Strategic recommendation

Pre-arrival acquisition strategy: Partner with or embed within resources Nigerian students and professionals use before leaving Nigeria — IELTS prep platforms, UK visa forums, relocation checklists. The goal is to establish MonieWorld as the financial starting point for the UK journey before Revolut or Monzo can.

Credit score reporting service: Don't build a credit card. Build a feature that reports rent payments, consistent remittance behaviour, and savings patterns to UK credit bureaus. This addresses the real job-to-be-done and avoids competing in a product category with high regulatory overhead.

Sender name transparency: Ensure the recipient in Nigeria always sees the sender's real name — not a platform intermediary. This is a trust signal that LemFi fails on consistently.

What not to build

A credit card product. Users are already using credit cards purely as a tool to build history — they don't want another one. The desire is credit score reporting, not credit issuance. Adding a credit card would create regulatory complexity and dilute the product's focus without addressing the actual need.

Roadmap impact

May 2025 · 7 interviews · Market sizing

A rigorous look at the B2B opportunity — and a clear decision not to pursue it.

This study started from a question raised in a leadership strategy session. The observation was compelling on the surface: personal remittance accounts for only a small slice of the total £1.9B UK–Nigeria transfer volume. If MonieWorld could move into B2B cross-border payments, the market upside could be significantly larger. It was the kind of hypothesis that sounds right — and that's exactly why it needed testing.

I went away and did two things: sized the market properly, and went out to listen to how businesses actually move money between the UK and Nigeria today.

The SME study delivered a clear signal in the opposite direction: the corridor was too thin to build on. I brought the findings directly to the business — and the roadmap was revised accordingly.

£1.9B Total UK imports from Nigeria
(mostly fuel & oil)
~£35M Addressable non-commodity corridor
(food, fashion, services)
~700 VAT-registered UK businesses
importing from Nigeria
3/7 Recruits who actually
met the screening criteria

The market sizing finding

UK imports from Nigeria total approximately £1.9 billion — but 75%+ of this is crude oil and petroleum products. The non-commodity corridor (food at £27M, fashion at £8M, textiles and services) totals around £35 million. That is the entire addressable market for a payments business operating in this corridor.

For context: 256,400 VAT-registered UK businesses import from anywhere in the world. Only approximately 700 import from Nigeria. The market is not undiscovered — it's simply thin.

What the interviews confirmed

The 3 qualifying businesses used personal remittance products — LemFi, TransferGo — for their B2B payments. Not because they lacked better options, but because transaction volumes were low enough that personal apps were sufficient.
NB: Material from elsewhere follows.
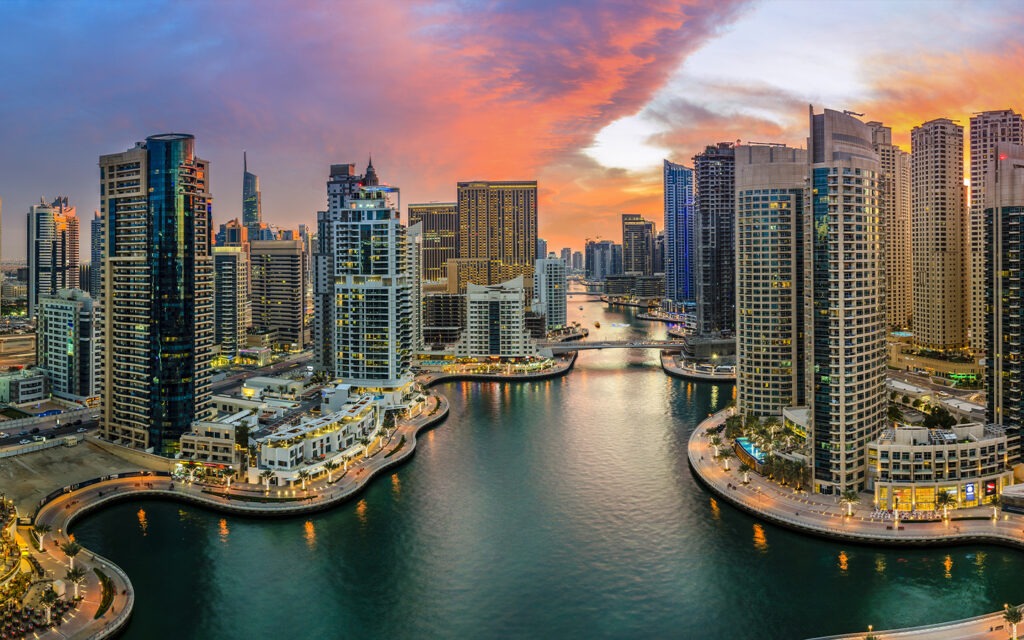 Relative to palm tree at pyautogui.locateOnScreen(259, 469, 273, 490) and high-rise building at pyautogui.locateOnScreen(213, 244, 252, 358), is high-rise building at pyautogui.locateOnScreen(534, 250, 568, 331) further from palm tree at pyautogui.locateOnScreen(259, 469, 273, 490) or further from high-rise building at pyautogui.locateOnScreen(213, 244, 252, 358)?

None expressed strong pain points. None were looking for a dedicated B2B solution. The urgency and friction that typically validates a B2B product opportunity simply wasn't there.

"We just use TransferGo. The amounts are small enough — it's not worth switching to something else."
UK fashion importer · sourcing from Lagos
"Our supplier is flexible. We send when we can and they're fine with it. There's no urgency on either side."
UK food distributor · Nigeria corridor
Strategic conclusion

There is no compelling B2B opportunity in the UK–Nigeria payments corridor at this time. The addressable market is too small, the businesses operating in it don't have strong enough payment pain points to switch platforms, and the regulatory overhead of building a B2B product would not be justified by the revenue potential.

Recommendation to the business: do not pursue the SME pivot. Maintain consumer focus and invest instead in the pre-arrival acquisition strategy and credit score features identified in the Spend study.